3 lbs X 1.5% calcium= 4.5
3 lbs X .22% phosphorus = .66

2 lbs X .11% calcium=.22
2 lbs X .37% phosphorus = .74

Add your calcium together 4.5 +.22 =4.72
Divide by total lbs of feed. 5lbs. 
4.72 ÷ 5 =.94

Add your phosphorus .66 + .74 = 1.4
Total pounds 5 lbs. 1.4 ÷ 5 =.28


So you have .94 calcium and .28 phosphorus
Which will be .94:.28 
So you divide .94 by .28 = 3.5
That makes it a 3.5:1 ratio


----------



## goathiker (Apr 14, 2011)

That's actually a 3.35 to 1 ratio. Might want to double check your math.


----------



## jscharling (Jul 10, 2014)

Thank you so much for that answer! I follow you all the way up till the end where you divide the calcium % by the phosphorous % but I don't get 5 I get 3.35. So I don't understand where the 5:1 ratio is coming from? I really appreciate your help and taking the time to write that response!


----------



## jscharling (Jul 10, 2014)

Oh good I am doing it right!! . Thanks!


----------



## nannysrus (Jun 21, 2014)

No that was my fault it's not 5:1 it is 3.5:1

Sorry I was trying to explain and I'm on my phone. I divided 1.4 by .28 instead of .94 by .28.

I was trying get to do it without being confusing but I guess it didn't work that way.

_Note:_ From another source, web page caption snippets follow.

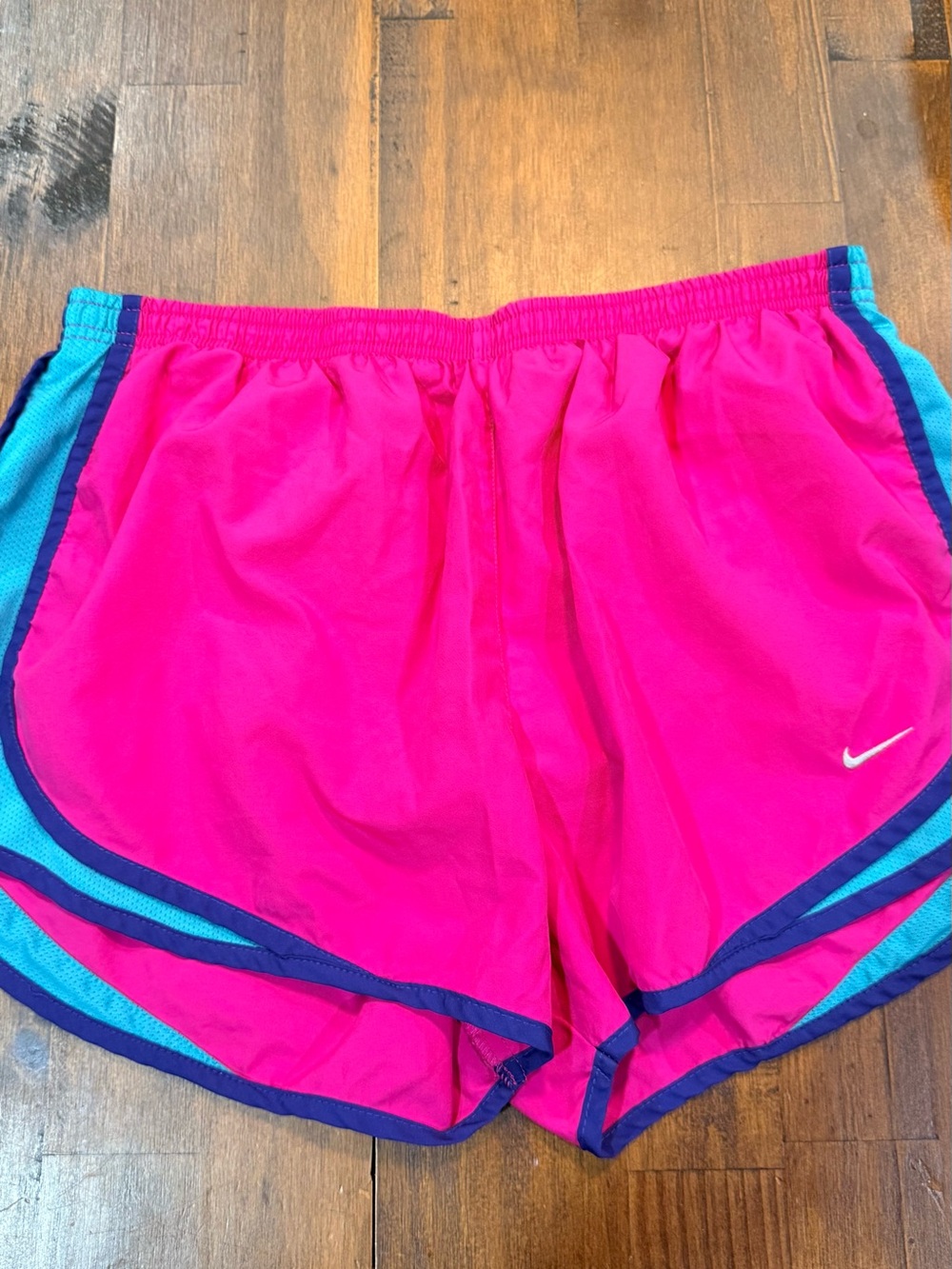 Nike Women’s Bright Pink Athletic Shorts with Blue Trim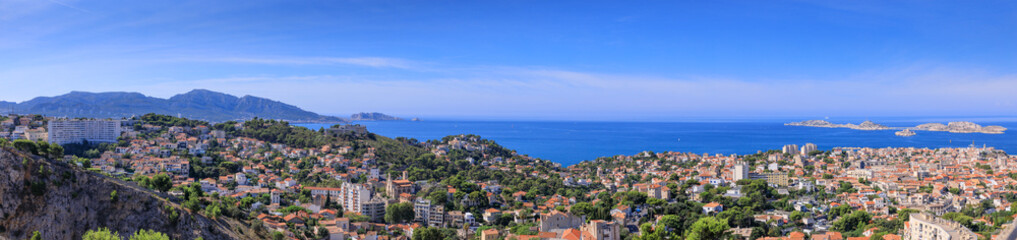 Fototapeta na wymiar Marseille cityscape from Notre-Dame de la Garde, France. 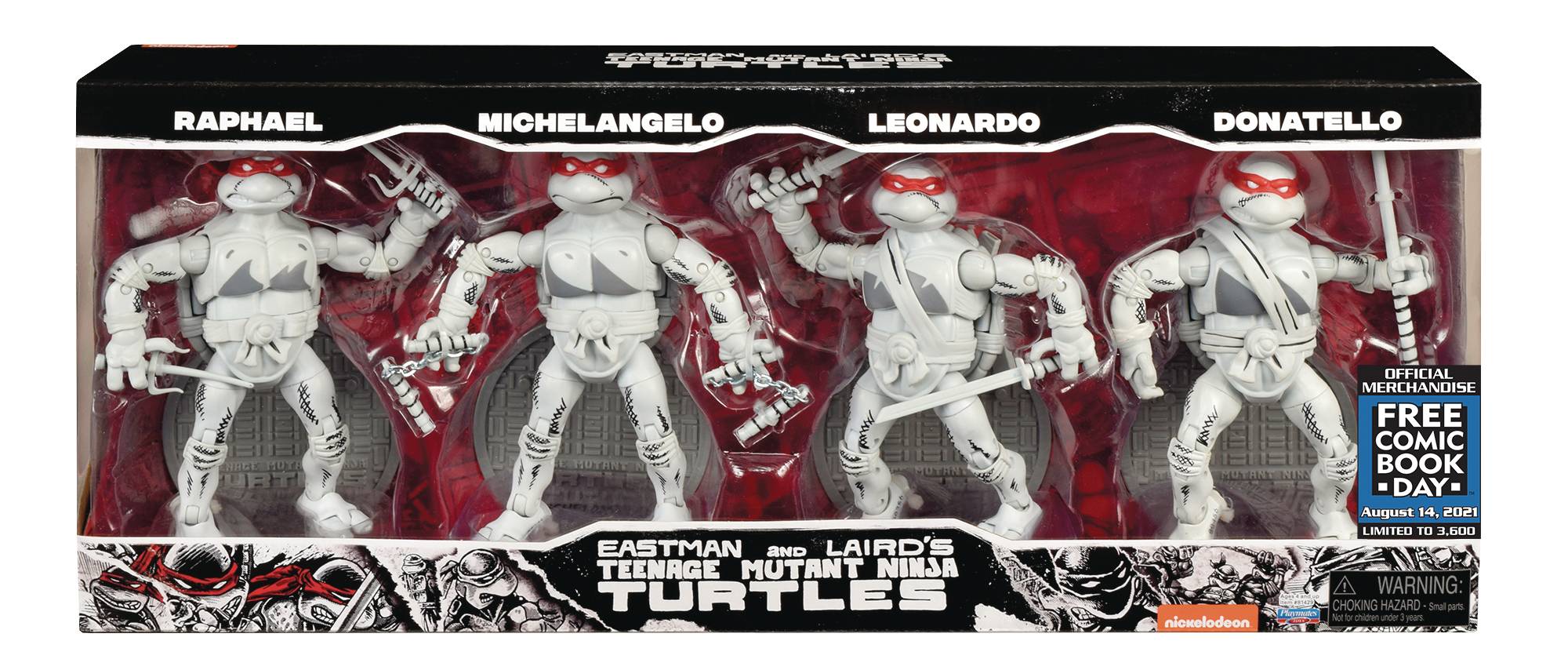 APR210052 - FCBD 2021 TMNT NINJA ELITE SERIES PX B&W AF 4PK SET 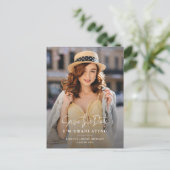 Afstuderen 2025 De datum opslaan Afstudeerder Foto Aankondigingskaart (Staand voorkant)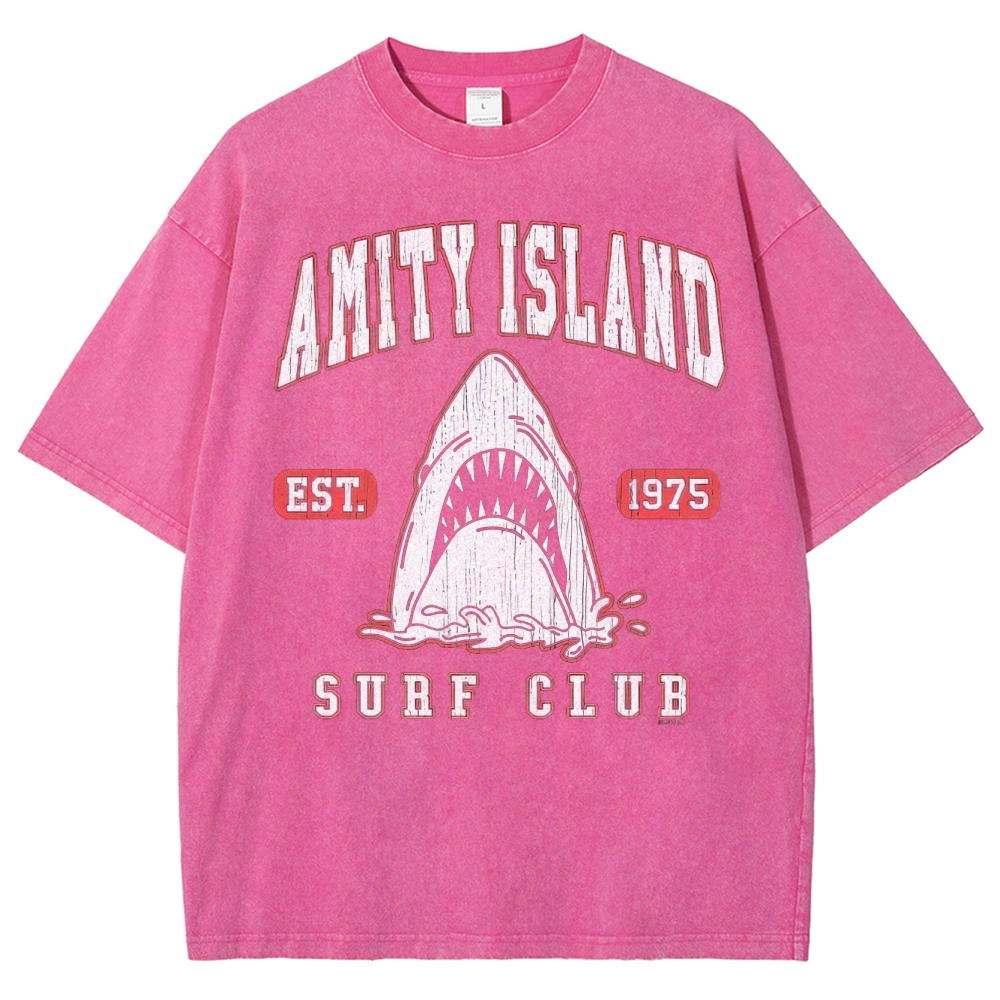 "Amity Island Surf Club" Retro Shark Washed T-Shirt
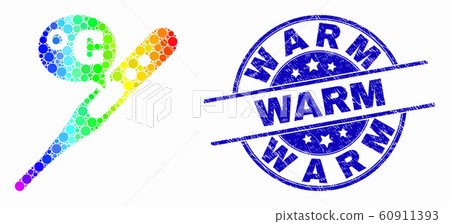 Vector Bright Dot Celsius Thermometer Icon and Scratched Warm Stamp Seal 60911393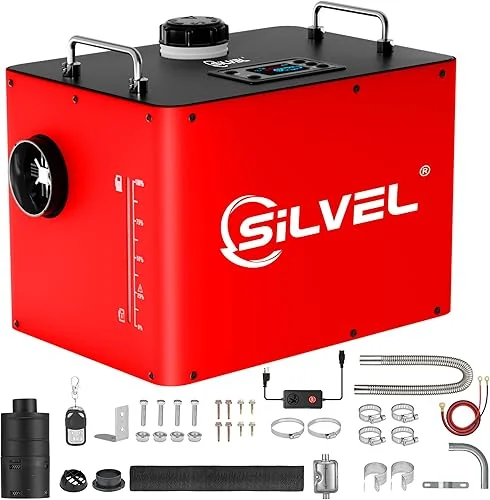 SILVEL Diesel Heater, 8KW 12V Diesel Heater with 7L Tank, All in One Diesel Air Heater for RV, Truck, Boat, Camper, Car, Red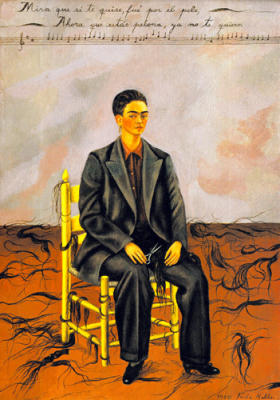Self-Portrait with Cropped Hair art print by Frida Kahlo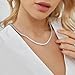 Gem's Beauty Moissanite Tennis Necklace 3mm-6.5mm 925 Silver Plated With 14k White Gold Moissanite Necklace For Women Men Handmade Gifts Anniversary Birthday (16 inch, Silver 3mm)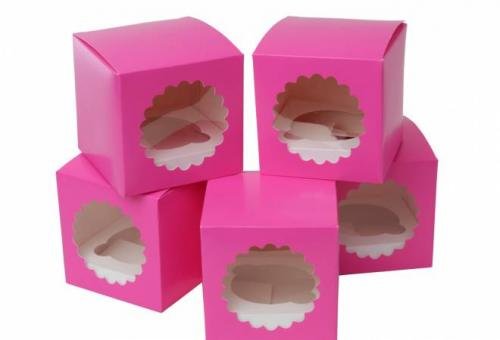 Papírový box na cupcake růžový 5ks - House of Marie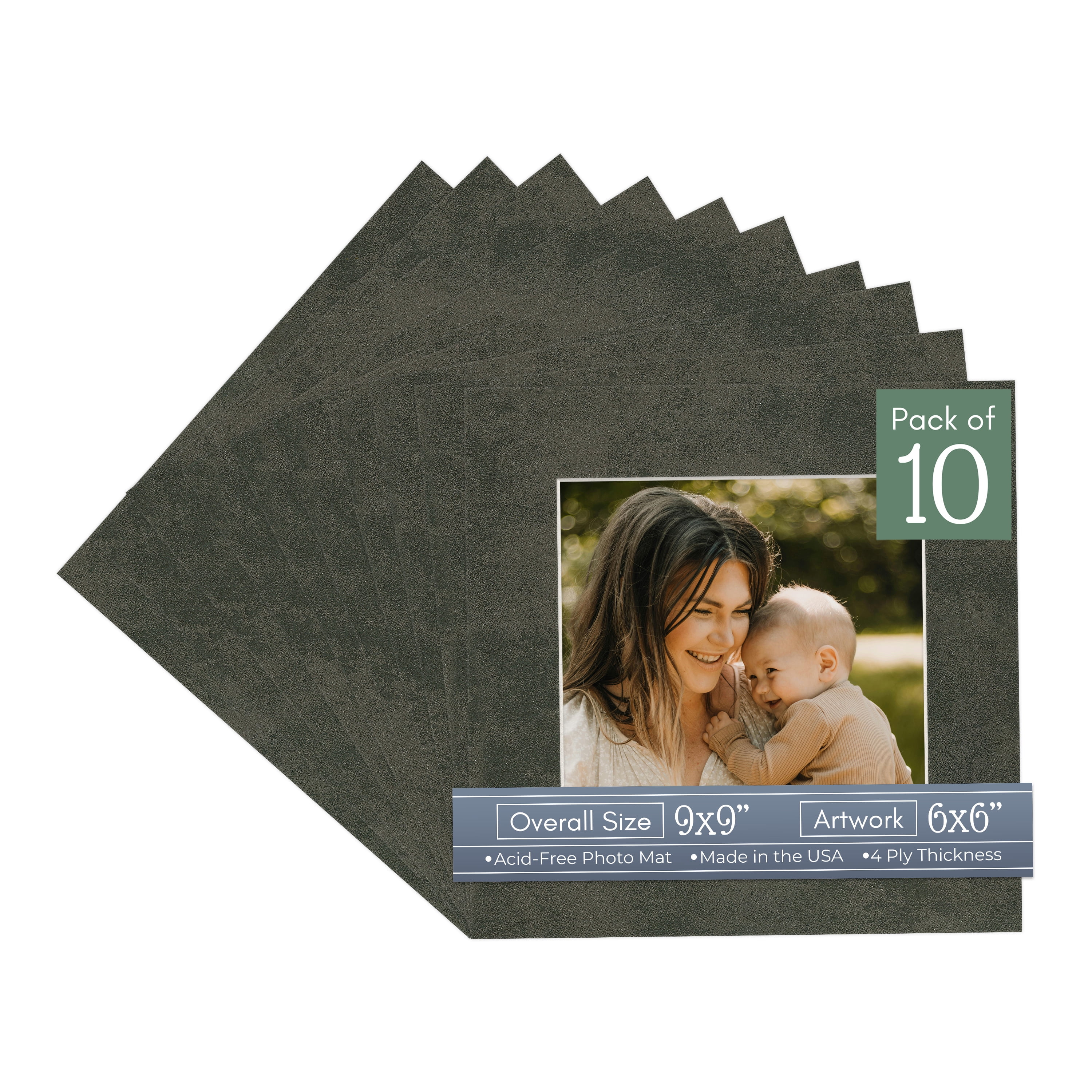 Earthen Gray Picture Frame Mat for 9x9 Frames - Fits 6x6 Photos - 10 ...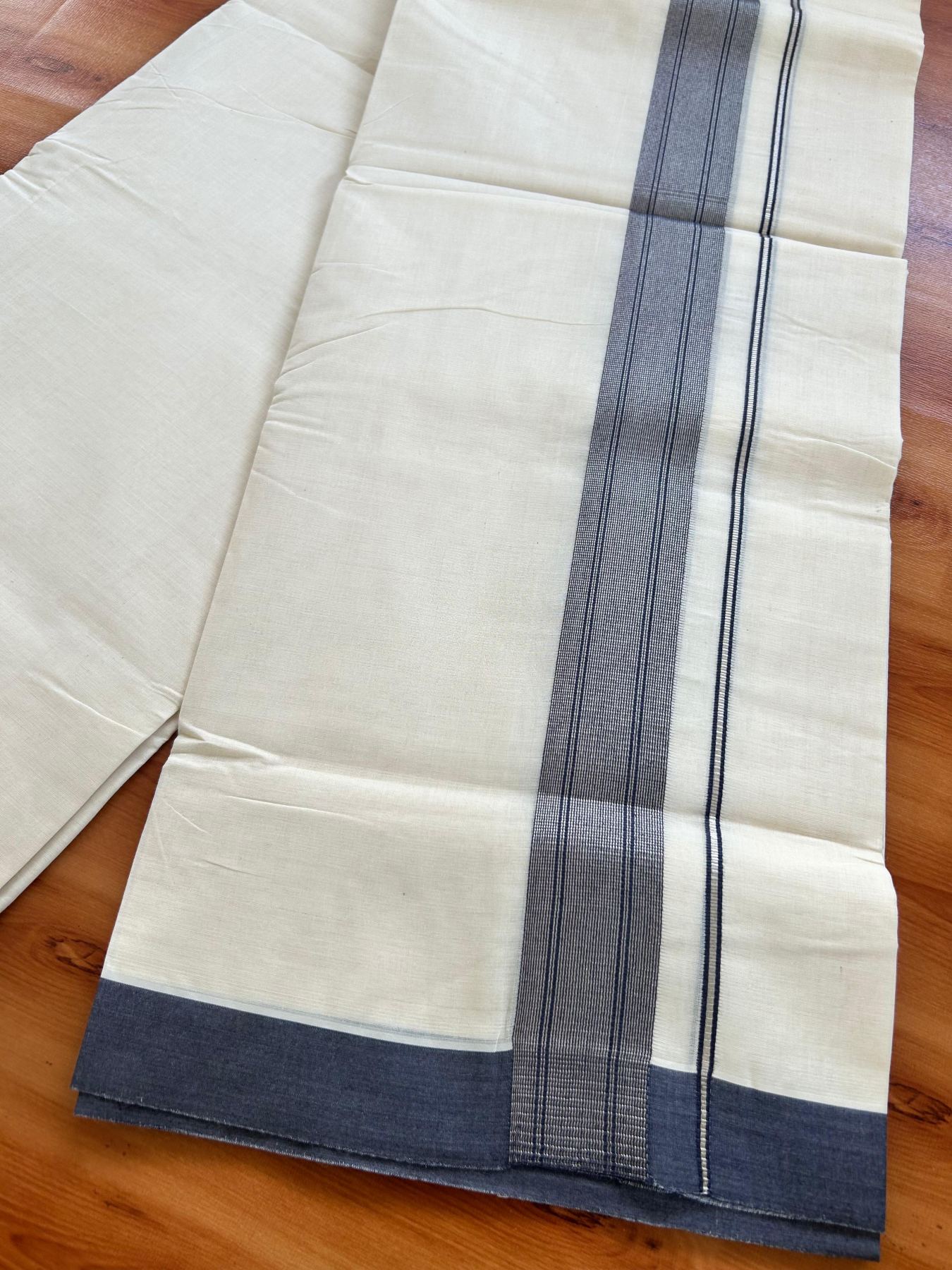 Double Off White (Unbleached) Mundu/Dhoti - 20% Discount! Kaitharikada Pure Cotton - 80x80 - 1.5 Inch Silver Kasav Dark Ash Blue Striped Kara 4 mtr (8.5 muzham) - 6 KK5489 MRH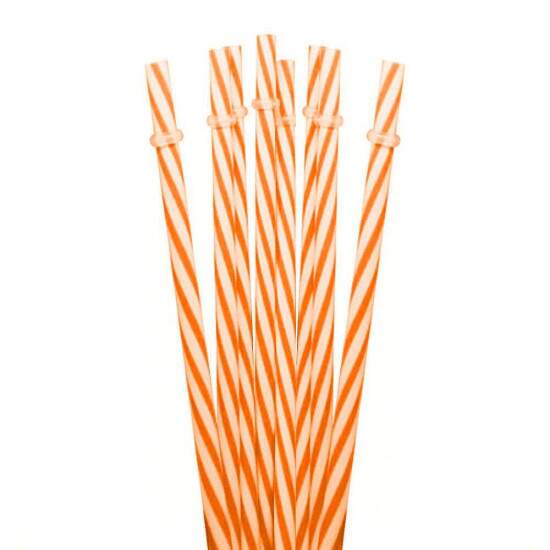Canudo de Plstico Rgido Listrado Laranja e Branco - 10 und
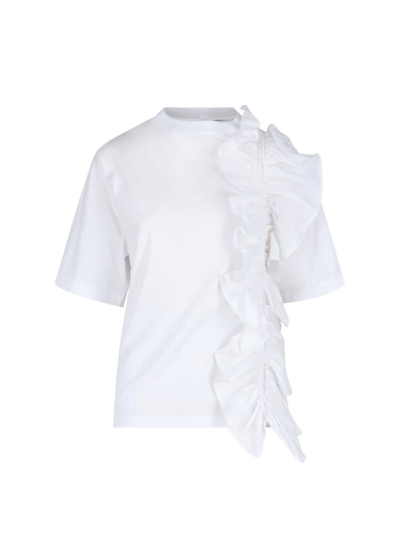 Az Factory Ruffle-detail Cotton T-shirt In White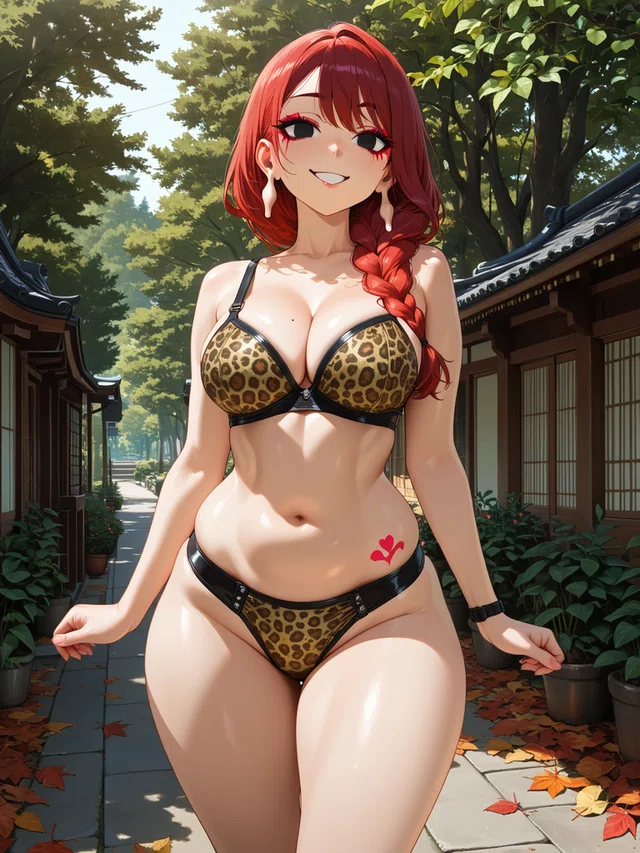 Red-haired anime woman in leopard-print bikini, smiling outdoors on a leaf-strewn path.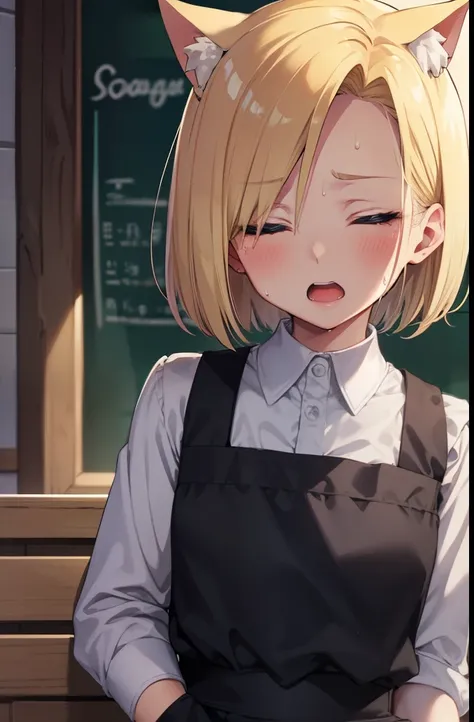 Android 18,Close ~ eyes,shy,Sweat,Please open your mouth wide,blush,Maid clothes,Cat ear,coffee shop,blonde,short hair,Cat&#39;tail,smile,From above,Happy face,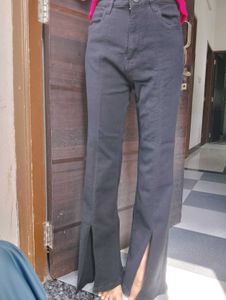 Black Split Flare Jeans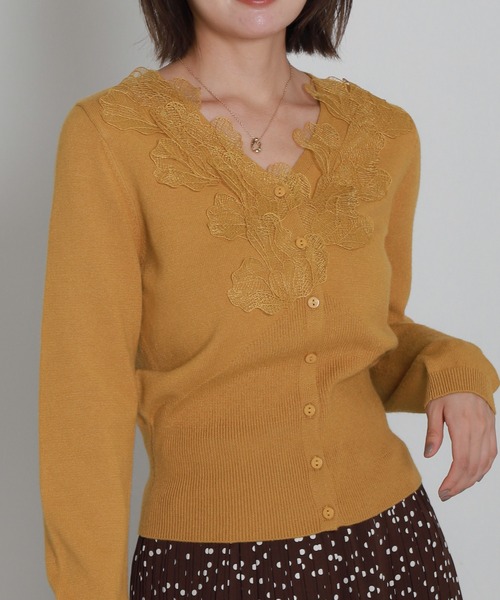 libelle more(リベル モア)の「モチーフレースVネックカーディガン(カーディガン/ボレロ・レディース・アイボリー/マスタード/ブラック・M)」の19枚目の写真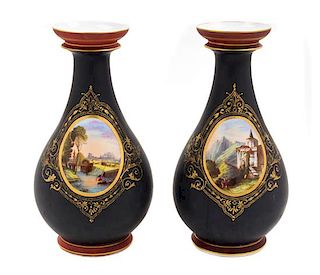 A Pair of Continental Painted Porcelain Vases Height 13 inches.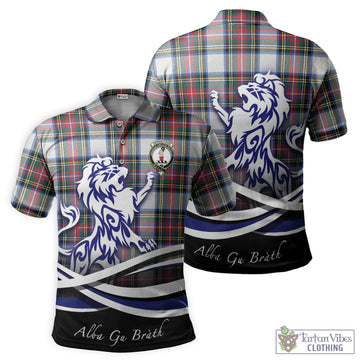 Dennistoun Tartan Polo Shirt with Alba Gu Brath Regal Lion Emblem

I edited it so it was correct!!! Sorry about that. Don't want to confuse anybody


----------



## jscharling (Jul 10, 2014)

No problem, You explained it wonderfully!! Thank you!


----------



## jscharling (Jul 10, 2014)

No problem, you did a great job of breaking it down for me so I could understand. I appreciate it!!


----------



## MsScamp (Feb 1, 2010)

nannysrus said:


> Say
> you have alfalfa pellets which contain 1.5% calcium and .22% phosphorus. Say you feed 3 lbs a day. Then you have oats which is .11% calcium and .37% phosphorus and you feed 2 pounds.
> 
> 3 lbs X 1.5% calcium= 4.5
> ...


I don't have a clue what you are doing here, but that's ok.  I'll just stick to does, grass/alfalfa hay, and no grain unless needed. :laugh:


----------



## nannysrus (Jun 21, 2014)

You should have seen the first time I did it. It was BAD. I am a very visual person. Show me once and I got it. But I didn't have anybody to show me this so I used up like 5 notebooks till I got worked into a way that was simple to me.


----------



## MsScamp (Feb 1, 2010)

I'm not sure what I am, but if it involves math it aint going to work! :lol:


----------



## jscharling (Jul 10, 2014)

So... I went and got noble goat dairy parlor 18, I wanted 16 but the didn't have it. I'm thinking I'm gonna do grain until they are 6 months. I am still a little confused about alfalfa I've read they should have it, but also that they shouldn't. I think I have come to the conclusion, since they are on grass hay, that as long as I have them on grain I should be feeding them alfalfa. I can't locate any alfalfa hay at the moment so I'm gonna get the pellets. My question is how much alfalfa pellets should I feed along with the grain? Thank you all so much for your help and support, this is such a great forum with so many great and knowledgable people!!


----------



## jscharling (Jul 10, 2014)

Sorry I forgot to include I am currently feeding them a 1/2c 3 times a day of the grain, free choice grass hay and minerals (manna pro loose goat minerals). I am also adding manna pro goat balancer to their feed daily at the dose indicated on the bag.


----------



## nannysrus (Jun 21, 2014)

I don't know anything about premixed feeds so I can't help you there. I know with our grass hay we need 1 lb of alfalfa pellets to 5lbs of grass to even out our calcium to phosphorus ration


----------



## nannysrus (Jun 21, 2014)

Sense noble goat is premixed it will already have a balance calciumhosphorus ratio.


----------



## jscharling (Jul 10, 2014)

Ok great!! Thank you!


----------